══ Input ══

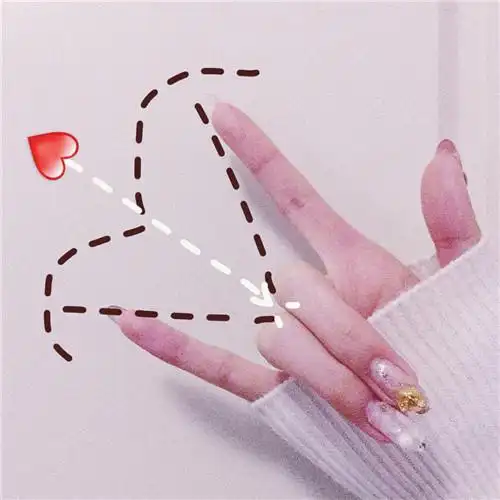 比心手势图片头像女生高清撩人女生比心的微信图片头像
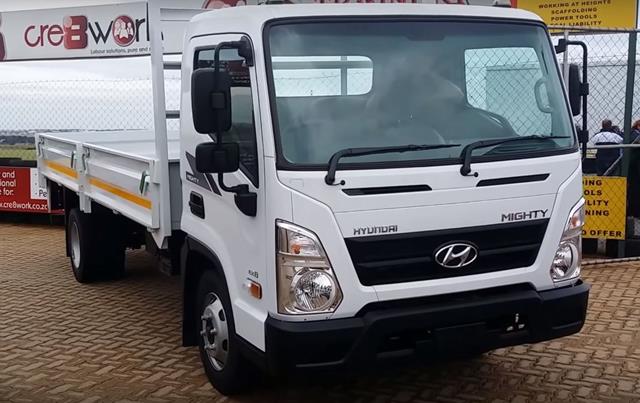 Xe Tải EX8 Hyundai Mighty 8 Tấn Thùng Dài 5m6 Lửng, Mui Bạt, Kín Composite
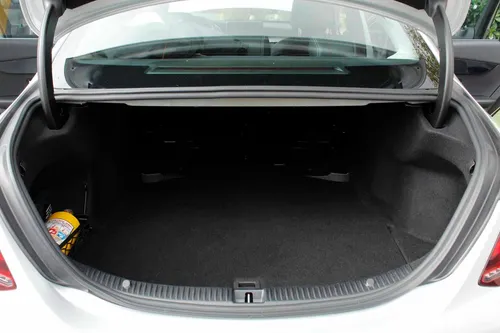 Mercedes-benz Clase C 180 Advantgarde 1.6 At Aa 4x2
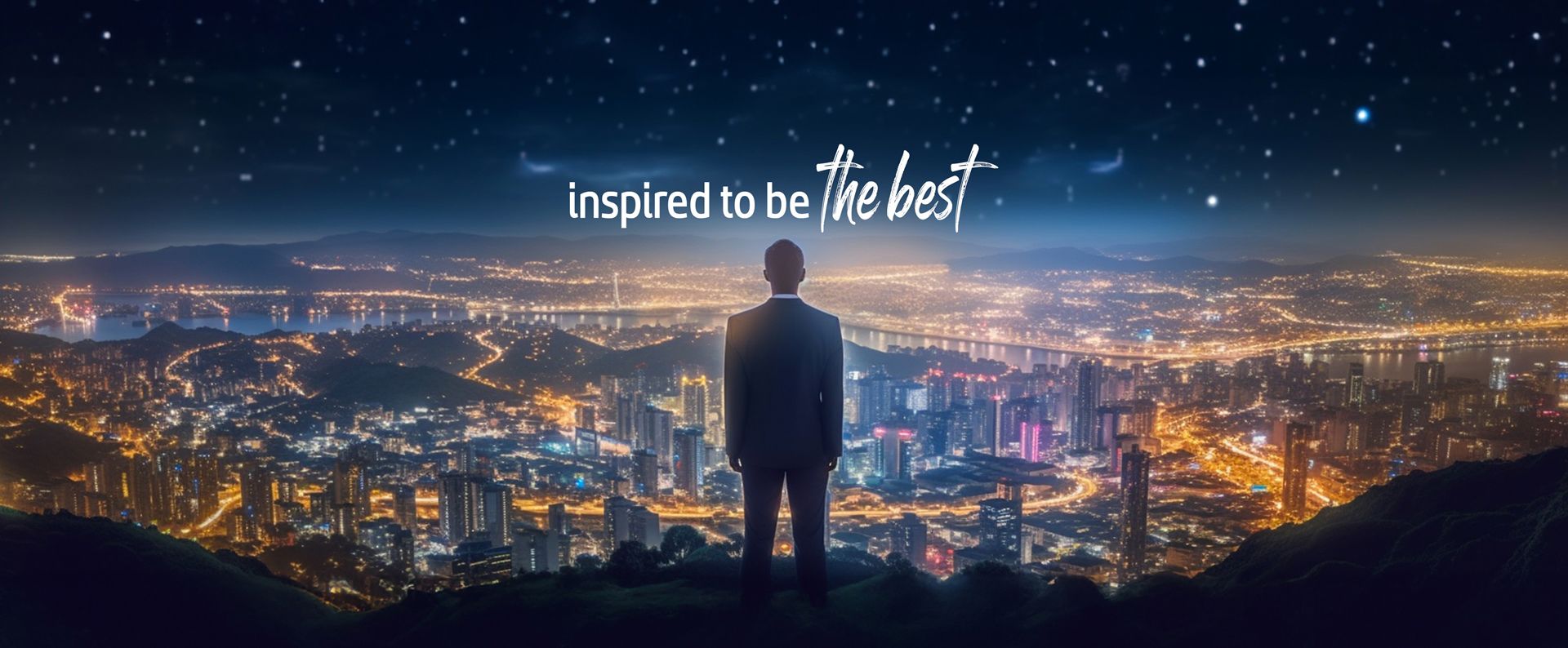 Eine Silhouette einer Person steht und blickt auf eine hell erleuchtete Stadtsilhouette bei Nacht, mit dem Text darüber: „Inspiriert, der Beste zu sein.“ Sterne zieren den Nachthimmel.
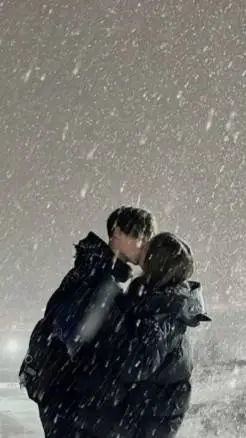 ai character: Давид 😝 background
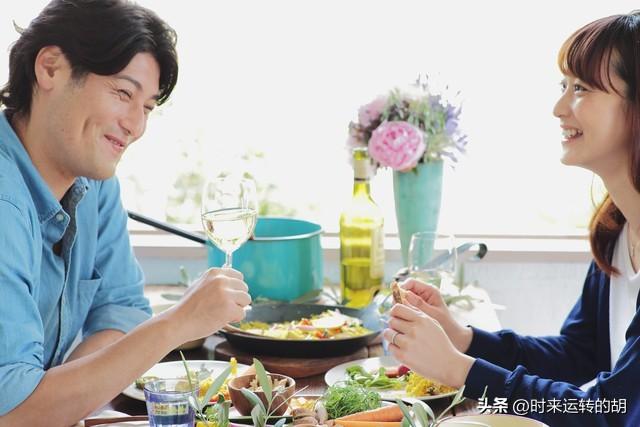 夫妻之间最伤丈夫心的，大多是妻子的3种行为，基本错不了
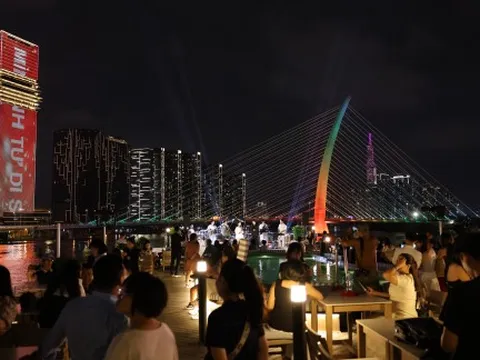 Nhà hàng nổi 5 sao trên sông Sài Gòn vừa đi vào hoạt động có gì đặc biệt?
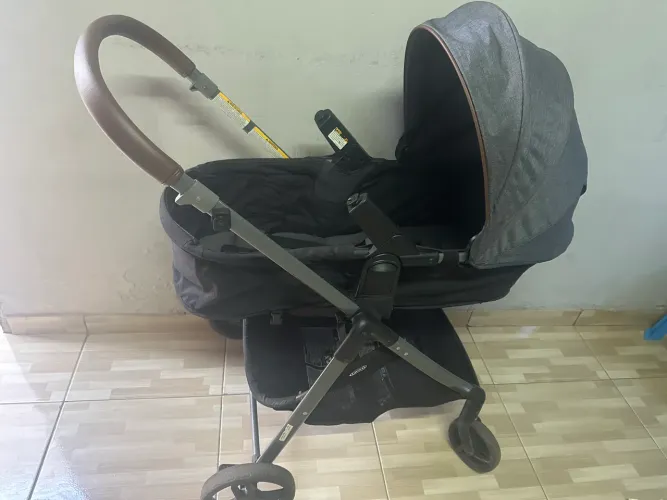     Carrinho Graco Importado em Excelente Estado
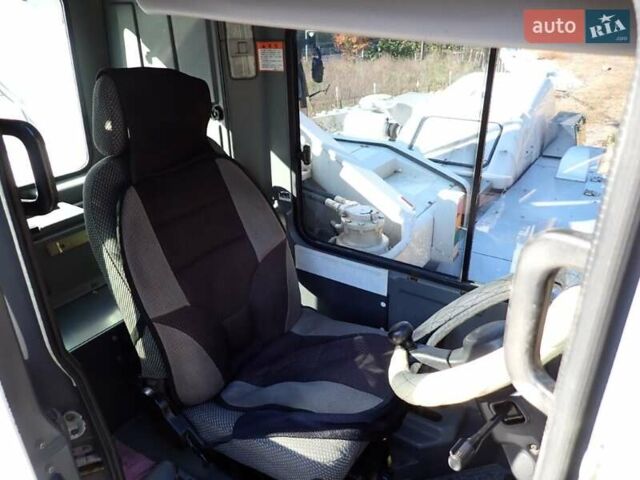 Като КР, об'ємом двигуна 0 л та пробігом 52 тис. км за 115000 $, фото 15 на Automoto.ua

═══

__Problem requirements__: Write out nothing but the lines from the start of the data through the line with "夫妻之间最伤丈夫心的，大多是妻子的3种行为，基本错不了". Leave out the pictures.

__Output for this task__:
 比心手势图片头像女生高清撩人女生比心的微信图片头像
 Xe Tải EX8 Hyundai Mighty 8 Tấn Thùng Dài 5m6 Lửng, Mui Bạt, Kín Composite
 Mercedes-benz Clase C 180 Advantgarde 1.6 At Aa 4x2
 Eine Silhouette einer Person steht und blickt auf eine hell erleuchtete Stadtsilhouette bei Nacht, mit dem Text darüber: „Inspiriert, der Beste zu sein.“ Sterne zieren den Nachthimmel.
 ai character: Давид 😝 background
 夫妻之间最伤丈夫心的，大多是妻子的3种行为，基本错不了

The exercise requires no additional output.